Reiners spoke with SpaceNews Editor Warren Ferster.
Component commonality seems like a straightforward way to reduce cost and risk. What’s the challenge there?
The real trick is what’s the right level of commonality such that you don’t end up building inefficiencies in the platform itself. Anyone who’s trying to do a common bus is potentially doing it at such a high level they’re suboptimizing the rest of the system design. You’ve literally got to go through each component and each subsystem and do that trade that says, “If I try to envelope all these potential applications I get the benefit of volume and repetitiveness and I don’t lose the efficiency of what I’m trying to have that product deliver.” It’s a very laborious process to do it right.
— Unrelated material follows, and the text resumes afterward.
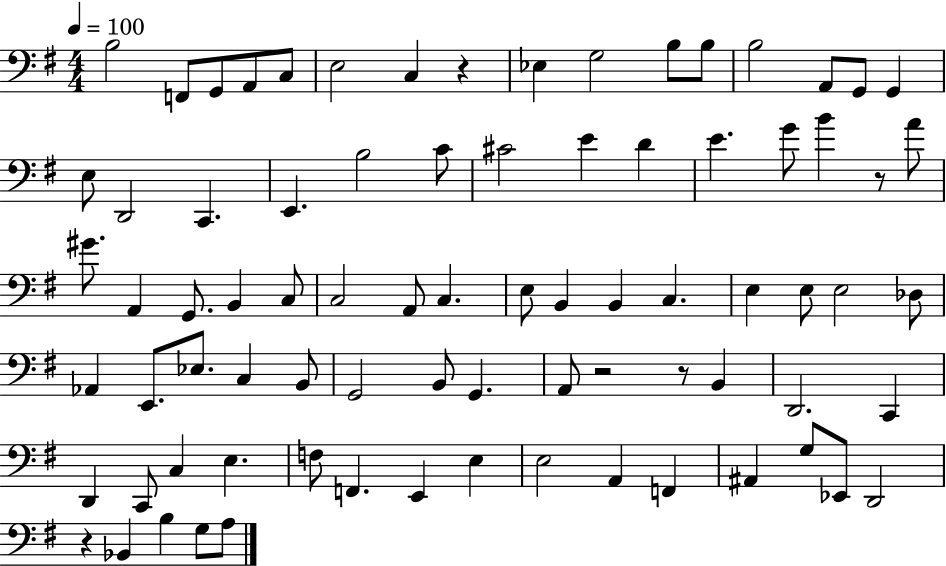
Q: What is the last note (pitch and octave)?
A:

Can you give me an example?
If I envelope both military and commercial applications for a given part, and some of the military applications require unique things like hardening, am I better off having a common part because I can buy across each of these platforms or, because it’s unique enough, am I better off getting two different parts? And if I have to have two different parts, is there a different level of assembly that I can make common? So, for example, I could have a box that I make common but the cards going into the box have to be different. And you just keep working your way up through the assembly to do that. It could have been as simple as, you as an Air Force program needed to test 1,000 cycles and you as a NASA program only wanted to test 800 cycles. What’s the trade if I make everything cycle at 1,000? Do I still maintain the efficiencies and the savings? We literally went through every part of the satellite that way. It took us quite a while.
Why are you undertaking this activity only now?
We were very much in development [with government programs] for the last five to eight years. Those systems are now entering production — they’re entering a new phase. That frees up a tremendous amount of engineering bandwidth. We have this engineering workforce that’s been through this development; now we can apply them to this set of problems. Even though we just stood up Commercial Ventures a year ago the work that we’re talking about began the year before that so we’ve actually been involved in this refresh of our product line for over two years.
When do you expect to finish?
We won’t be finished for several more years. It’s evolutionary and incremental in nature. Each of the enhancements will be incrementally phased in over the next several years.
You’ve said your electric-propulsion satellite design, by all accounts derived from Lockheed Martin’s work on the U.S. Air Force’s Advanced Extremely High Frequency satellite system, will be capable of reaching geostationary orbit in half the time of comparable all-electric satellites. Can you be specific?
You’re typically six to seven months. So we’re three to four months.
What’s the trade-off — is it a more expensive or heavier system?
It’s a different technology.
Are you offering the electric-propulsion design on the commercial market today?
What can you tell me about the dual-launch option for that platform?
I’m not going to discuss how we’re going to do that yet — I consider that fairly proprietary at this point — but when we introduce it on the market you’ll see that it actually does it in a pretty innovative way.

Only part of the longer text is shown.